* [SUPPLIED MATERIAL]:
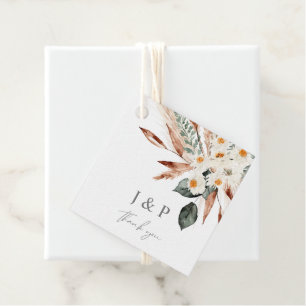 Cadeau Étiquettes de remerciement florales beige et d'her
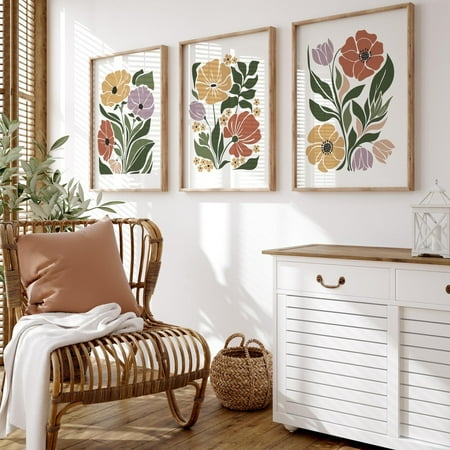 UNFFRAMED Botanical Art Prints Set, Flowers Wall Decor, Floral Boho Art, Eclectic Wall Art, Flower Market Poster, Aesthetic Room Wall Set Of 3 Set 3 Prints 12x18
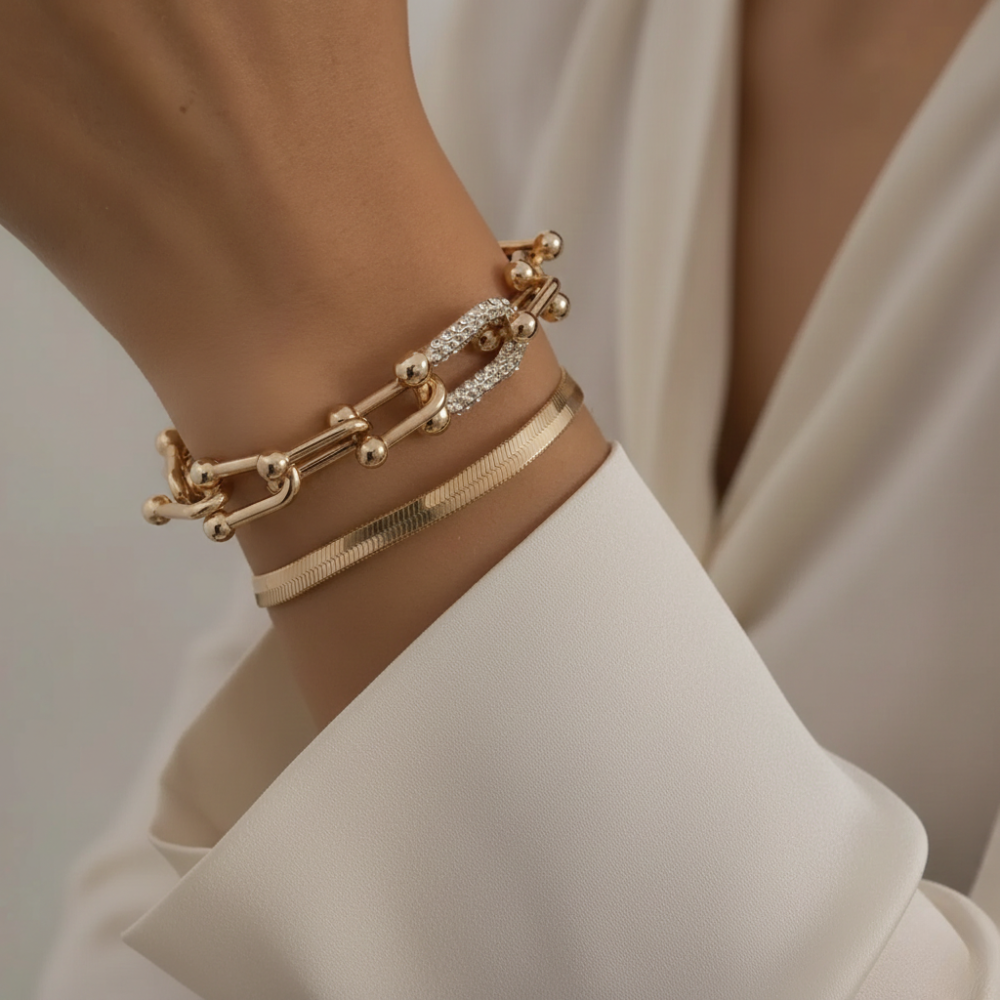 Ladies Bracelet Set with Link Design & Snake Bracelet in Gold Look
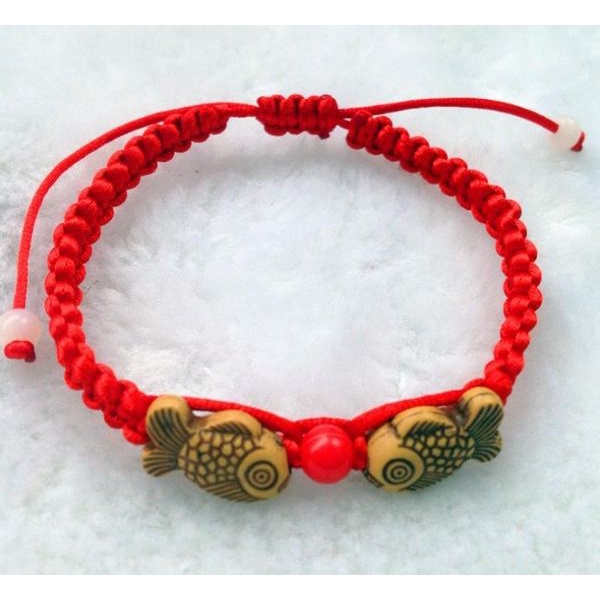 Vòng tay phong thủy 2 con cá siêu hot, Vòng chỉ đỏ 2 con cá, Vòng tay dây rút 2 con cá dễ thương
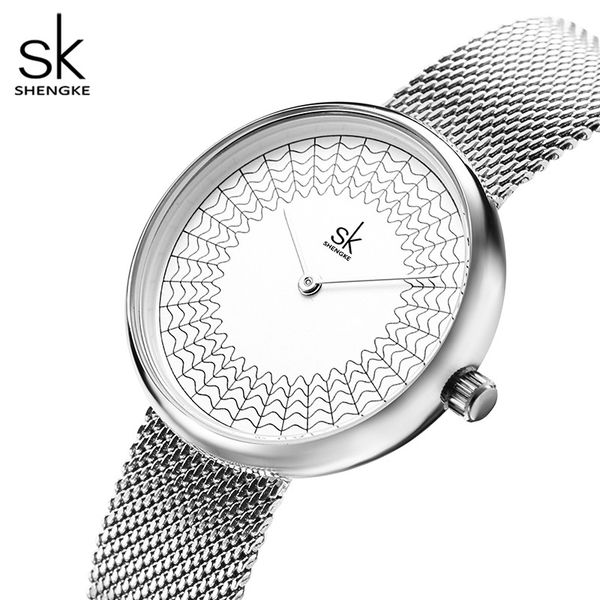 

shengke women's watch luxury silver stainless steel ladies watch women fashion waterproof female clock women, Slivery;brown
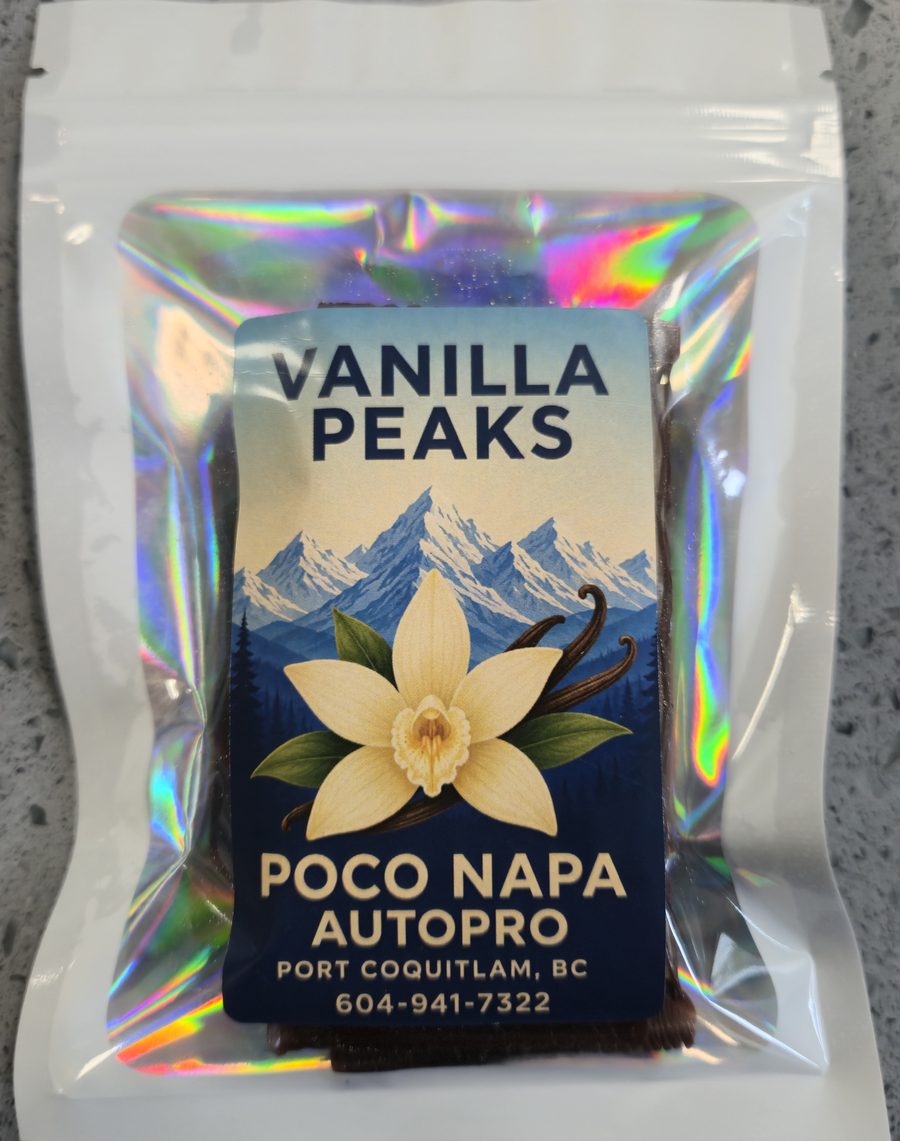 A sealed pack of five Vanilla Peaks vent air fresheners in a white pouch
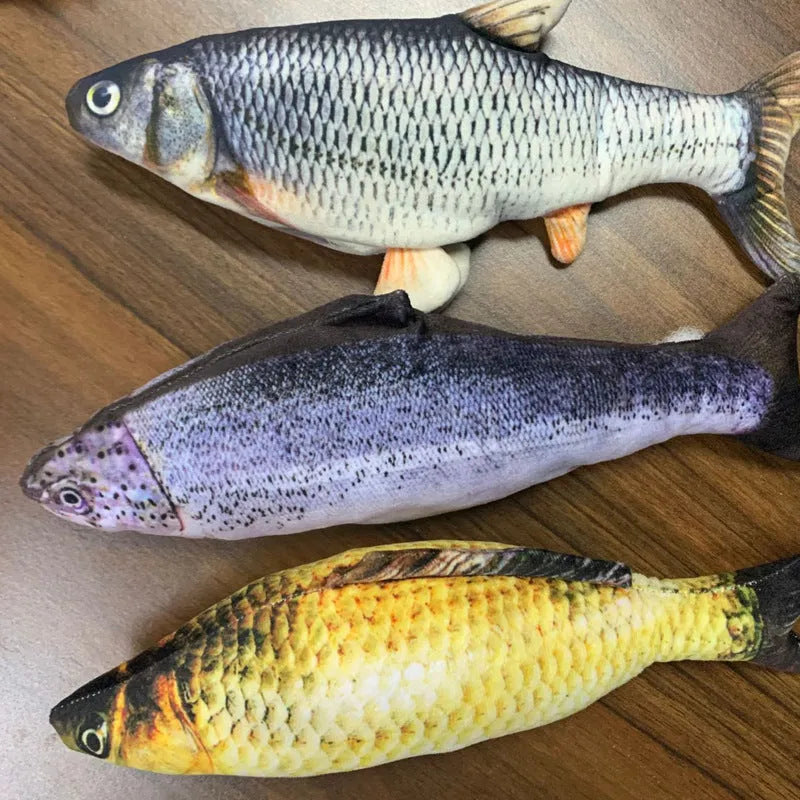 USB rechargeable electric jumping fish simulation cat toy, 30 cm long in multicolor options.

* [WHAT TO WORK ON]:
Could you give the listing again exactly as it stands, minus any pictures?

* [EXERCISE RESPONSE]:
 Cadeau Étiquettes de remerciement florales beige et d'her
 UNFFRAMED Botanical Art Prints Set, Flowers Wall Decor, Floral Boho Art, Eclectic Wall Art, Flower Market Poster, Aesthetic Room Wall Set Of 3 Set 3 Prints 12x18
 Ladies Bracelet Set with Link Design & Snake Bracelet in Gold Look
 Vòng tay phong thủy 2 con cá siêu hot, Vòng chỉ đỏ 2 con cá, Vòng tay dây rút 2 con cá dễ thương

shengke women's watch luxury silver stainless steel ladies watch women fashion waterproof female clock women, Slivery;brown
 A sealed pack of five Vanilla Peaks vent air fresheners in a white pouch
 USB rechargeable electric jumping fish simulation cat toy, 30 cm long in multicolor options.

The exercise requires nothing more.